20 марта 1904 года в г. Толедо, штат Огайо, умер молодой, здоровый, «крепкого телосложения» продавец двадцати двух лет от роду ростом 175 см и весом 72,5 кг[280]. Вскрытие показало, что за несколько дней до гибели он купил на распродаже новую пару ботинок со скидкой. У них были черные носы из лакированной кожи и желтовато-коричневый тканевый верх. Вполне возможно, что они выглядели как пара американских мужских ботинок 1920-х годов из коллекции Музея обуви Bata.
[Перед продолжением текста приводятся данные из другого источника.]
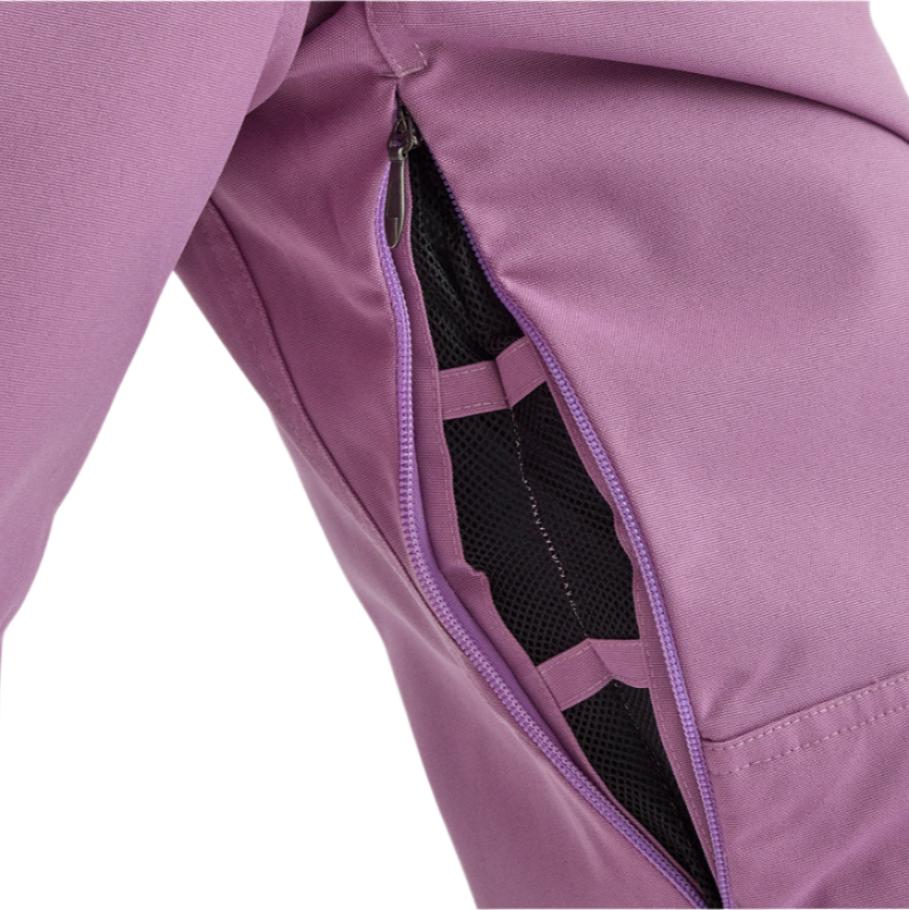 Airblaster Women's Hot Bib Shell 2025 - Black bib shell with white logo on left chest and black zipper down center front.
Не вполне довольный своей покупкой, молодой человек покрасил светлый тканевый верх ботинок жидкой «ваксой», купленной в Чикаго, чтобы в тот же день отправиться в них на «вечер танцев». Он не знал, что черная краска содержала нитробензол, обычный компонент «анилиновых» красителей. В нетерпении он надел ботинки, не дав краске окончательно высохнуть, и запачкал черным стопы и лодыжки. После танцев молодой человек с четырьмя или пятью друзьями отправился в кафе, где выпил несколько кружек пива, закусывая сыром и крекерами. Вскоре ему стало плохо, его стошнило, и он потерял сознание, после чего его сопроводили домой в экипаже. Друзья подумали, что он всего-навсего выпил лишнего, но сосед по комнате этого несчастного, в конце концов, вызвал врача, который и констатировал смерть около пяти часов утра, всего лишь через четыре с половиной часа после обморока. Исследование ведущего специалиста по производственной гигиене Элис Гамильтон дает основание предположить, что смерть продавца мог вызвать еще один фактор: действие нитробензола «значительно усилилось за счет выпитого алкоголя»[281]. Пиво и вакса смешались в смертельный химический коктейль. Несмотря на всю чудовищность произошедшего несчастного случая, ровно два десятилетия спустя четыре студента Мичиганского университета отравились нитробензоловой краской для обуви. Одному из них, Джорджу Стэнфорду, студенту стоматологического факультета, потребовалось два переливания крови, чтобы выжить[282]. Власти изъяли краску со складов, но это был далеко не последний случай отравления красителями из будоражащей химической палитры «окаянных оттенков», которые к концу века проклинали люди Викторианской эпохи. Они сетовали на то, что «в репертуаре законодателей мод до сих пор живы яркая краснота, цианозные ужасы зеленого, мертвенная бледность сиреневого и уродство лилового»[283].